Оська поднял и вытолкнул Криста к свету.
– Что, силы нет? Разве ты пайку не получаешь? Вторую категорию кто получает? Этого тебе мало, троцкистская сволочь?
Крист молчал. Бригада молчала.
– Всех удавлю. Фашисты проклятые, – бушевал Косточкин.
– Иди, иди к себе, артист лопаты, а то бригадир еще даст, – миролюбиво посоветовал Оська, обхватывая захмелевшего Косточкина и заталкивая его в угол, опрокидывая на бригадирский пышный одинокий топчан – единственный топчан в бараке, где все нары были двойные, двухэтажные, «железнодорожного» типа. Сам Оська, заместитель бригадира и дневальный, спавший на крайней койке, вступал в третьи свои важные, вполне официальные обязанности, обязанности телохранителя, ночного сторожа бригадирского сна, покоя и жизни. Крист ощупью добрался до своей койки.
Но заснуть не удалось ни Косточкину, ни Кристу. Дверь барака отворилась, впуская струю белого пара, и в дверь вошел какой-то человек в меховой ушанке и в темном зимнем пальто с каракулевым воротником. Пальто было изрядно измято, каракуль был вытерт, но все же это было настоящее пальто и настоящий каракуль.
Человек прошел через весь барак к столу, к свету, к топчану Косточкина. Оська почтительно его приветствовал. Оська принялся расталкивать бригадира.

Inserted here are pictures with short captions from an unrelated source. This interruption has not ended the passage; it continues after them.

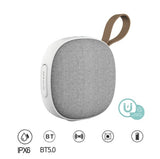 Portable speaker with gray fabric finish and white base on a white background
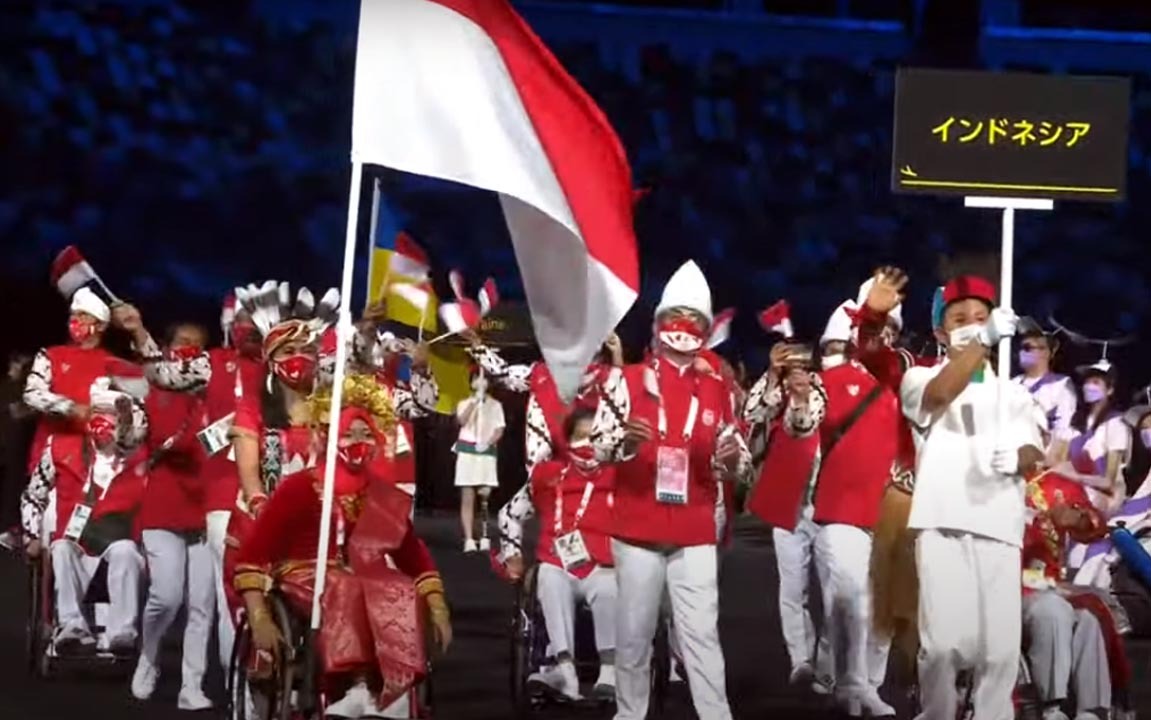 Kontingen Indonesia mengenakan baju tradisional saat defile dalam upacara pembukaan Paralimpiade Tokyo 2020 di Olympic Stadium, Selasa (24/8). Kostum tersebut dimodifikasi dari sejumlah baju tradisional dari budaya Sumatera, Bali, Kalimantan dan Papua. Se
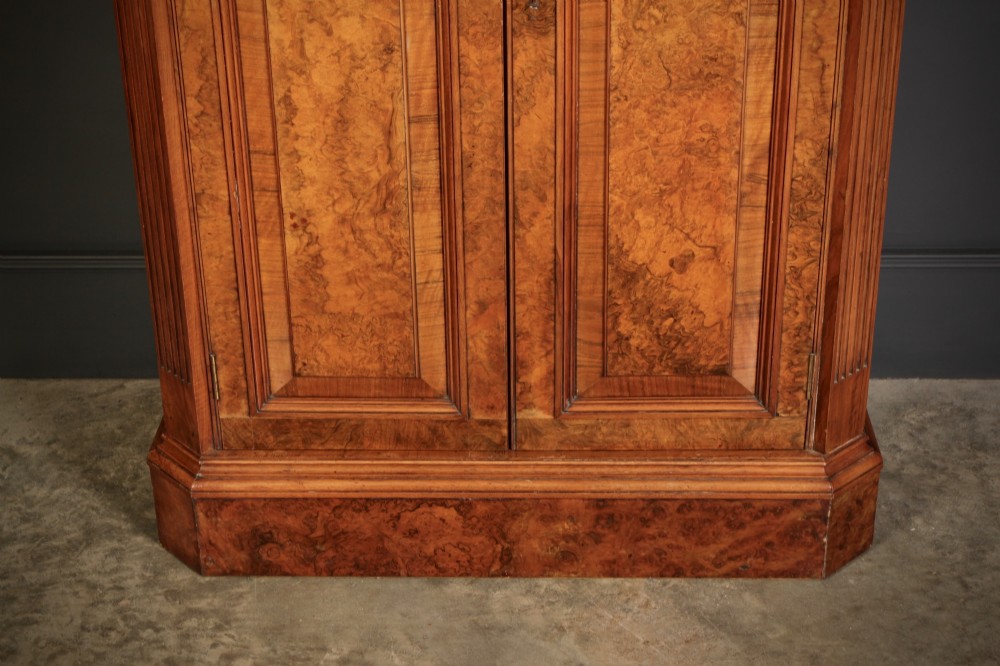 A tall Victorian burr walnut bookcase featuring open upper shelving over a double-door lower cupboard with fluted side pilasters. View VII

– Тебя зовет Миня Грек. – Это имя было знакомо Кристу. Это был бригадир блатарей. – Тебя зовет Миня Грек. – Но Косточкин уже очухался и сел на топчане лицом к свету.
– Ты все гуляешь, Укротитель?
– Да вот… довели, гады…
Миня Грек сочувственно помычал.
– Взорвут тебя когда-нибудь, Укротитель, на воздух. А? Заложат аммонит под койку, шнур подпалят и туда… – Грек показал пальцем вверх. – Или голову пилой отпилят. Шея-то у тебя толстая, долго пилить придется.
Косточкин, медленно приходя в себя, ждал, что ему скажет Грек.
– Не налить ли по маленькой? Скажи, сгоношим в два счета.
– Нет. У нас этого спирту в бригаде полно, сам знаешь. Дело мое более серьезное.
– Рад служить.
– «Рад служить», – засмеялся Миня Грек. – Так, значит, тебя в Харбине учили разговаривать с людьми.
– Да я ничего, – заторопился Косточкин. – Просто еще не знаю, что тебе нужно.
– А вот что. – Грек заговорил что-то быстро, и Косточкин согласно кивал, Грек начертил что-то на столе, и Косточкин закивал понимающе. Оська с интересом следил за разговором. – Я ходил к нормировщику, – говорил Миня Грек – говорил не угрюмо и не оживленно, самым обыкновенным голосом. – Нормировщик сказал: Косточкина очередь.
– Да ведь у меня и в прошлом месяце снимали…
– А мне что делать… – И голос Грека повеселел. – Нашим-то где кубики взять? Я говорил нормировщику. Нормировщик говорит – Косточкина очередь.